Which rib dish did you do? There are quite a few varations in that issue.

Shoot, just saw the Lemon Shake-ups - off to make the syrup for cocktail time today!!!


Re: Recipe Review - Lorraine - 07-14-2008

I guess I better go through my mail and see if the new issue arrived while I was gone!


Re: Recipe Review - luvnit - 07-14-2008

I have heard tale of these Lemon Shake-ups and if my crystal ball is working, these will be in my near future too...

Let me know how they are, if you have a chance.


Re: Recipe Review - farnfam - 07-14-2008

Lemon Shake -Up recipe would be appreciated by two cocktail lovers in NNY
Please TIA
Cis
Empress for Life


Re: Recipe Review - jend - 07-15-2008

Here you go.

Lemon Shake-ups

While a canning jar is the perfect shaking and serving vessel, a cocktail shaker will work too.
Makes 6 drinks
Total time: 30 minutes

1-1/4 cups sugar
1-1/4 cups water
6 cups crushed ice, divided
3/4 cup rum, divided
3/4 cup Triple sec, divided
6 lemons, halved, divided
Club soda

Dissolve sugar in water in a small saucepan over medium-high heat; reduce heat to low and simmer 3 minutes. Transfer syrup to a bowl; cool completely.
Fill each jar with 1 cup ice, 1/3 cup prepared sugar syrup, 2 T. rum, and 2 T. Triple sec; squeeze juice of 1 lemon in each jar (reserve 6 squeezed lemon halves). Cover jars with a tight-fitting lid and shake vigorously to combine.
Top each drink with club soda, and garnish with a reserved squeezed lemon half.

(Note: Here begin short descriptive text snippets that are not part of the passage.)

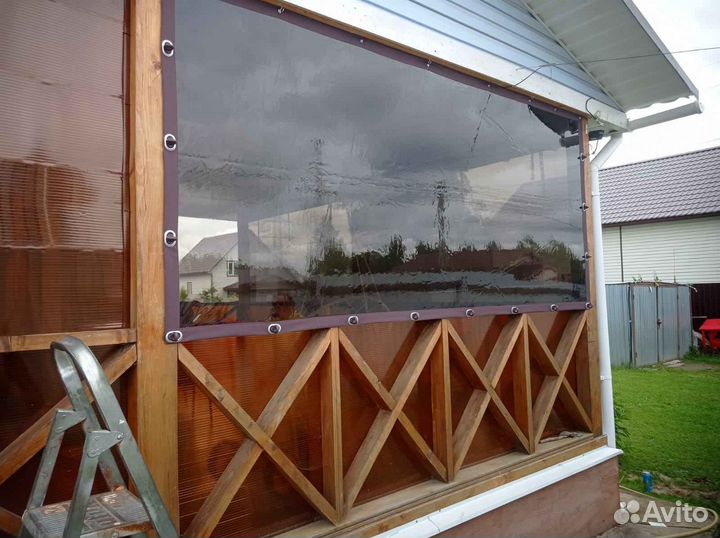 Мягкие окна с открывающимися створками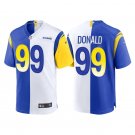 Los Angeles Rams Aaron Donald Split Royal #99 White Limited Jersey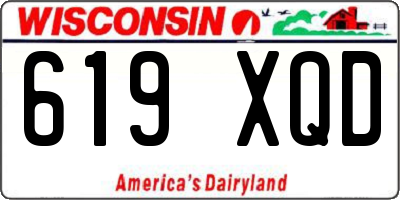 WI license plate 619XQD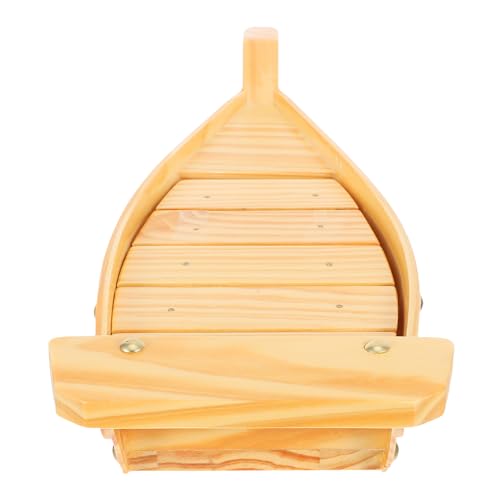 Plato de Sushi de Madera en Forma de Barco 37x15.3x7 cm miniatura 1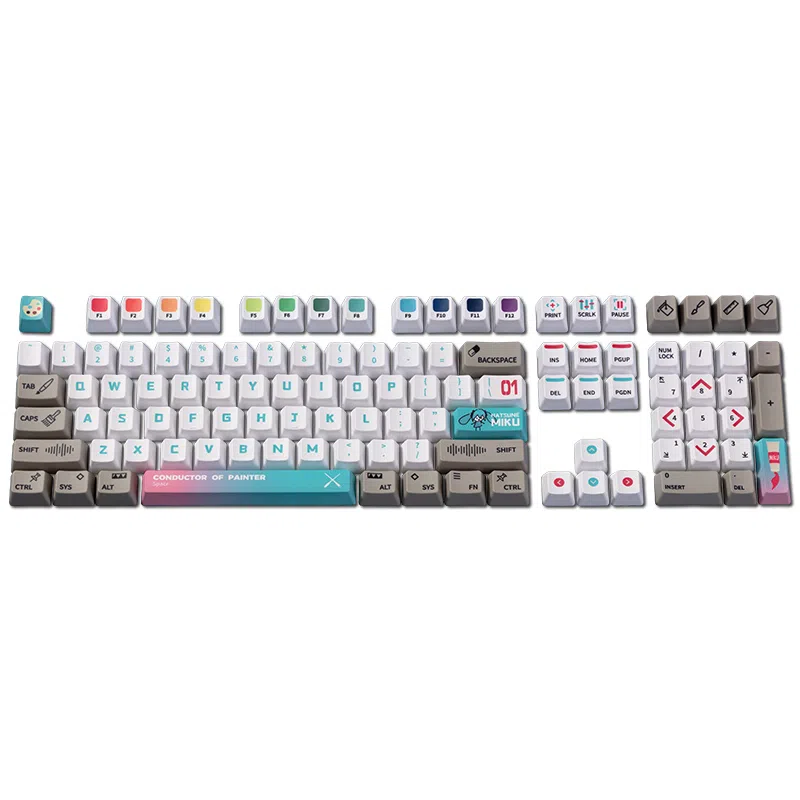 MOEYU涂鸦指挥家 Hatsune Miku Keycaps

Re: Recipe Review - cjs - 07-15-2008

I posted a review and these are just great!! Sorry, emmasmum, I guessed at a few people who I thought had posted this idea and I missed it being you! Thanks for bringing this one up - what a nice afternoon drink it is.


Re: Recipe Review - Emmasmum - 07-15-2008

I made the ribs on the cover. I used baby backs instead of spare because it was what I had. If I used these again I would only cook like 1:30 in oven because they were so tender I could barely get them o the grill.

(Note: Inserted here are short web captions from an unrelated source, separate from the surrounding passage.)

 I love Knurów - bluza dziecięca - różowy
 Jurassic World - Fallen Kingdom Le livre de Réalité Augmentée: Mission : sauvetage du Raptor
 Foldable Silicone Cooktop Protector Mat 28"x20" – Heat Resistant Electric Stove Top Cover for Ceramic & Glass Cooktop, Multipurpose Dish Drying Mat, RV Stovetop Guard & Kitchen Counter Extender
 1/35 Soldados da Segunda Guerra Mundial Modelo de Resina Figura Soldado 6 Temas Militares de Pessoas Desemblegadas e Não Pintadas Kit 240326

Re: Recipe Review - HomeCulinarian - 07-15-2008

I made a similar recipe from the Weeknight Grilling book. They were really good. I usually prebake ribs before grilling and have found that if you allow them to cool, they will hold together better on the grill. And, at 300, 1:30 is long enough to bake them. Also, we prefer the baby back ribs to spare ribs because they are just easier to handle.